Fait remarquable, l’apparition du matsutake pourrait être corrélée aux dommages infligés à la planète. Il semble en effet privilégier les zones altérées ou ravagées par les humains. La légende raconte d’ailleurs que ce champignon aurait été la première espèce vivante à éclore sur les terres d’Hiroshima après la tragédie nucléaire.
Parfois surnommé « champignon de la fin du monde », il se teinte ainsi d’une forme de mysticisme : mauvais présage ou message d’espoir ?
Prix du matsutake
Désormais rare sur les étals japonais, le vrai matsutake peut atteindre des sommets en matière de prix : jusqu’à 1 800 € le kilo environ pour des spécimens domestiques. Certains grands chefs japonais auraient même dépensé près de 9 000 € le kilo pour les inviter dans leurs assiettes gastronomiques.

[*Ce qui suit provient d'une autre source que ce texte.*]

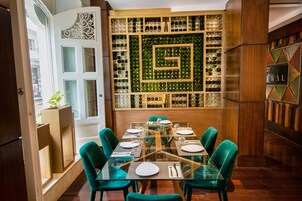 3 restaurantes; se sirve desayuno, almuerzo y cena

Quant aux variétés importées, elles tournent plutôt autour de 80 € le kilo. En bouton, il sera bien sûr d’autant plus onéreux.
Une recette au matsutake
« Qui dit Fragrance dit Matsutake, Qui dit Saveur dit Shimeji » : c’est certainement à son parfum enivrant que le matsutake doit sa réputation. Qualifié de terreux et épicé, il se distingue par ses notes de pin, de poivre et de cannelle. En cuisant, il prend le fameux goût umami, la cinquième saveur si typique de la cuisine japonaise.
Le matsutake se prête à merveille à la confection de tempuras et rehausse les soupes miso. Toutefois, pas besoin de fioritures pour révéler toute sa palette aromatique. Dans un simple riz cuit à l’autocuiseur, il est sublime. Voici justement une recette japonaise de matsutake-gohan à essayer absolument !
Matsutake Gohan
Ingrédients (pour 2 personnes) :
- 2 champignons matsutake
- 320 g de riz japonais
- 3 cm de carotte
- 720 ml de dashi (bouillon à base d’algue kombu)
- 2 c à s. de saké
- 1 c à s. de mirin
- 1 c à s. de sauce soja
- 1/2 c à c. de sel
Préparation :
- Nettoyez soigneusement les champignons. Détaillez-les en fines lamelles dans le sens de la longueur (0.5 cm d’épaisseur).
- Pelez la carotte et hachez-la.
- Dans un cuiseur à riz, versez les champignons, les carottes, le riz, le saké, le mirin, la sauce soja, le bouillon dashi et le sel. Laissez reposer durant 1 h.
- Cuire le riz aux champignons durant 20 minutes. Patientez une dizaine de minutes avant de servir.
- Accompagnez de dés de tofu fumé grillés pour un plat complet.